▶ Exercise goal: Nothing but the lines below, from the first through the line containing "Cement Grey 33x66x1,80", should be set down, each one exactly and without pictures.

▶ Supplied information:
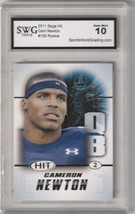 Cam Newton #100 - Graded Rookie (Right Side) - SWG 10 MINT - 2011 Sage Hit Footb - £15.72 GBP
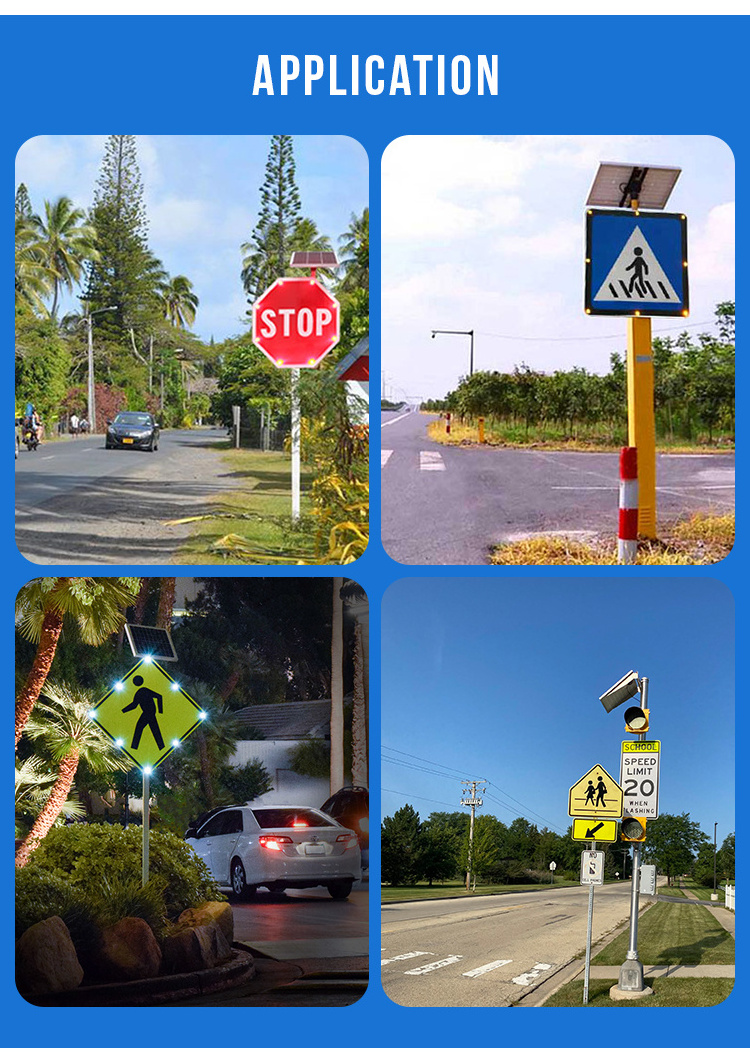 Solar Powered Internally Illuminated Road Mark Signs with Flashing Signal Light Red LED Reflective Stop Solar Traffic Sign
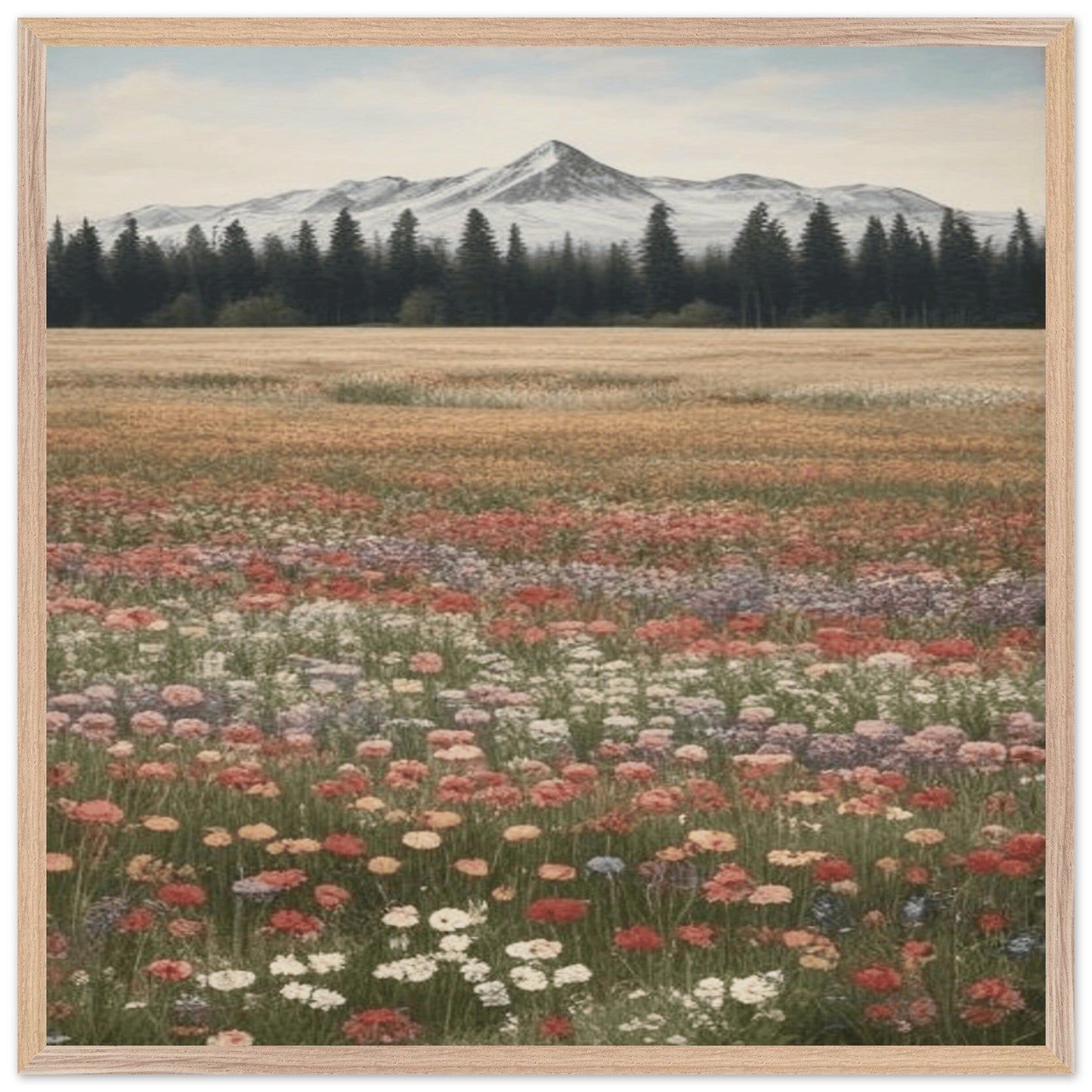 Wildflowers in a Field - Premium Wooden Framed Poster with Museum-Quality Matte Paper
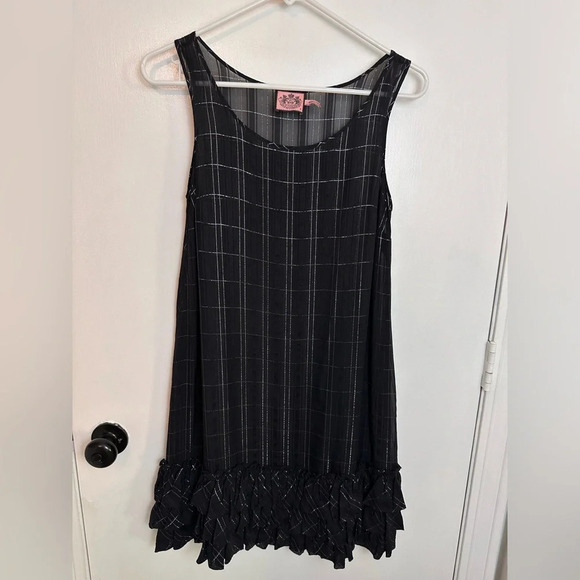 Juicy Couture Black & Silver checker Sheer Slip Cover Dress Women’s Size 0 #1439 - Picture 1 of 9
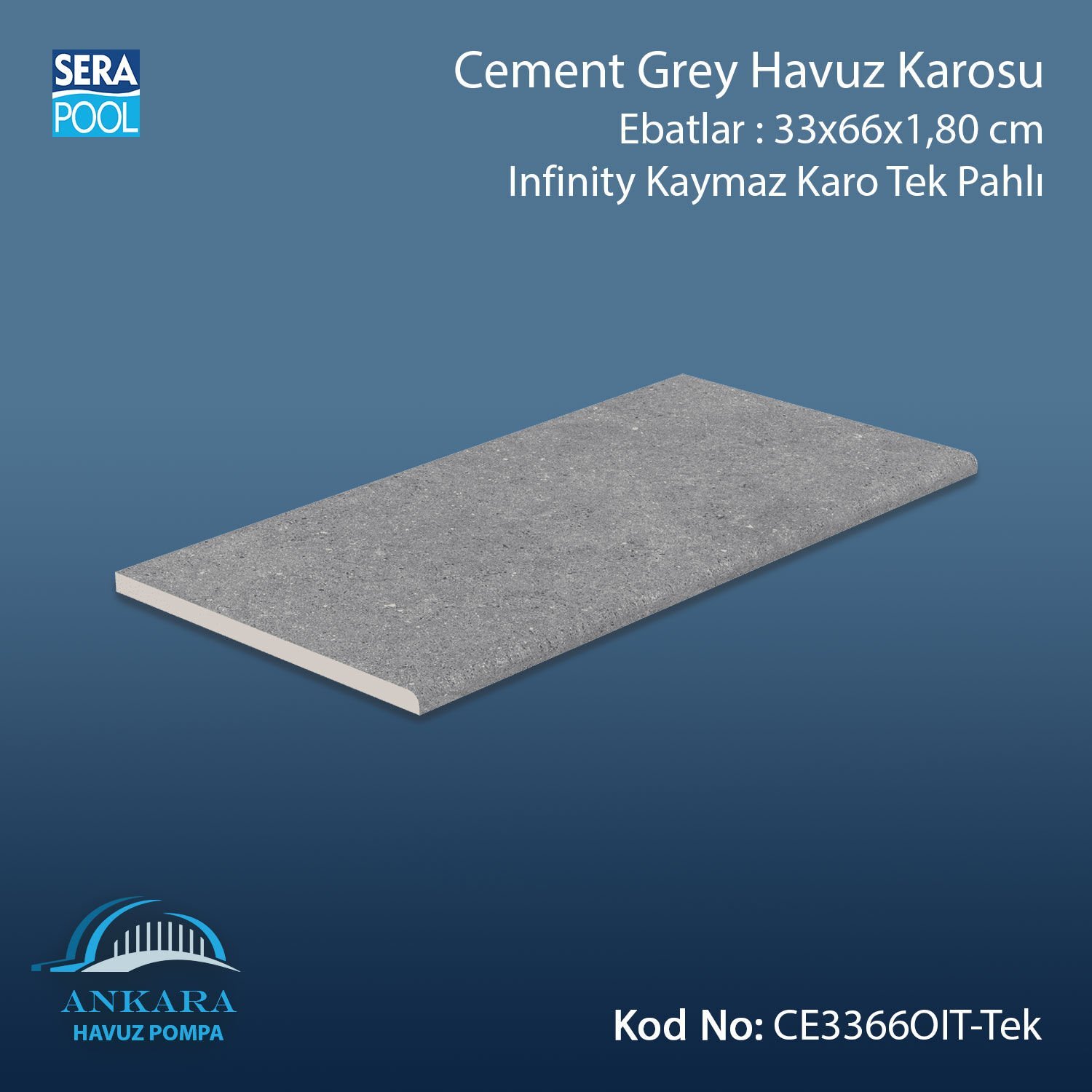 Cement Grey 33x66x1,80 cm Infinity Kaymaz Karo Tek Pahlı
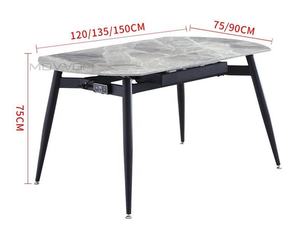 Plateau en céramique de qualité supérieure en acier au carbone pieds noirs base en or <span class=keywords><strong>table</strong></span> à <span class=keywords><strong>rallonge</strong></span> rotative <span class=keywords><strong>ronde</strong></span> pour 8 places tables de maison modernes - Product Image 4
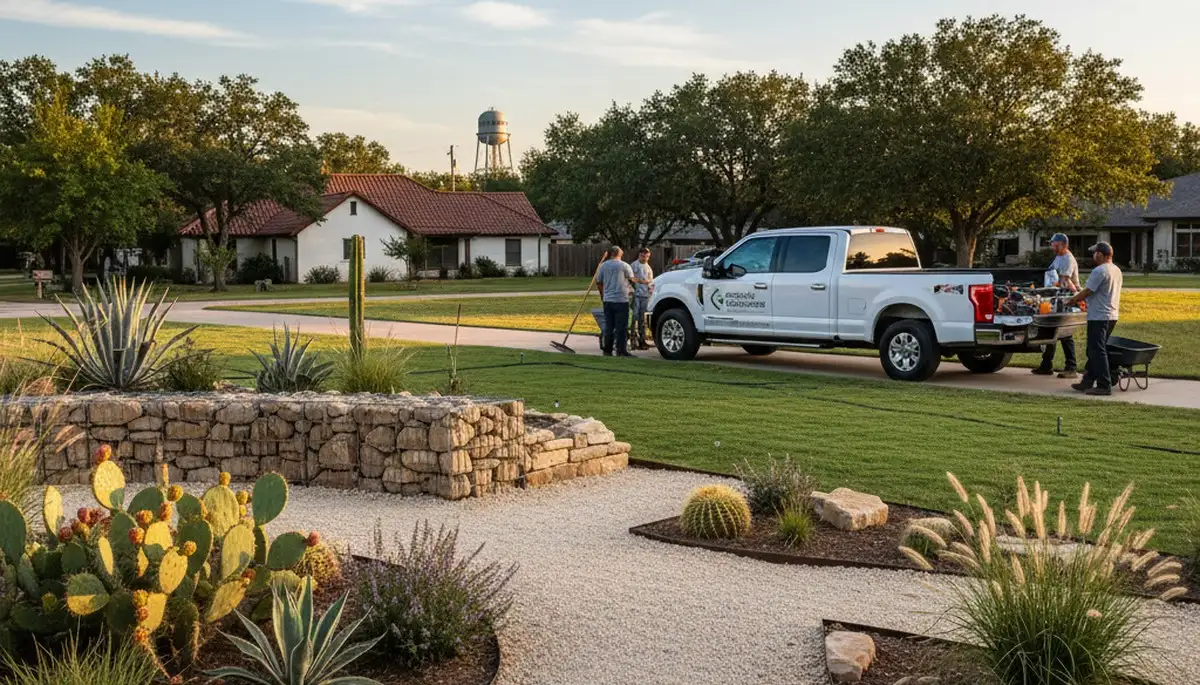 Landscaping crew providing professional yard maintenance in San Antonio, TX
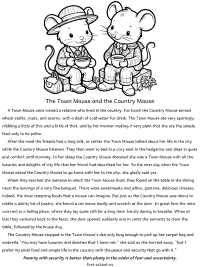 the town mouse and the country mouse fable coloring page with text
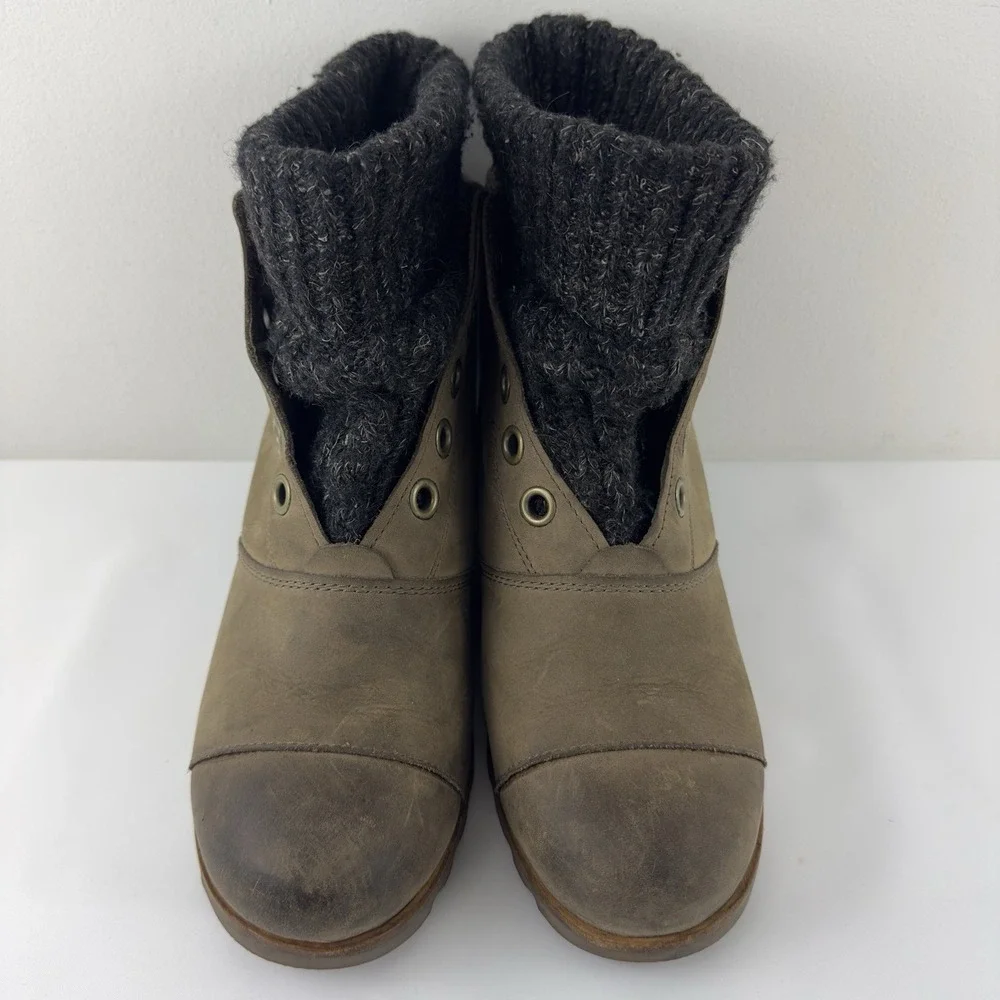 Sorel Joan of Arctic‎ Wedge II Booties Women's Size 9.5 Brown Leather Suede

▶ Response box:
 Cam Newton #100 - Graded Rookie (Right Side) - SWG 10 MINT - 2011 Sage Hit Footb - £15.72 GBP
 Solar Powered Internally Illuminated Road Mark Signs with Flashing Signal Light Red LED Reflective Stop Solar Traffic Sign
 Wildflowers in a Field - Premium Wooden Framed Poster with Museum-Quality Matte Paper
 Juicy Couture Black & Silver checker Sheer Slip Cover Dress Women’s Size 0 #1439 - Picture 1 of 9
 Cement Grey 33x66x1,80 cm Infinity Kaymaz Karo Tek Pahlı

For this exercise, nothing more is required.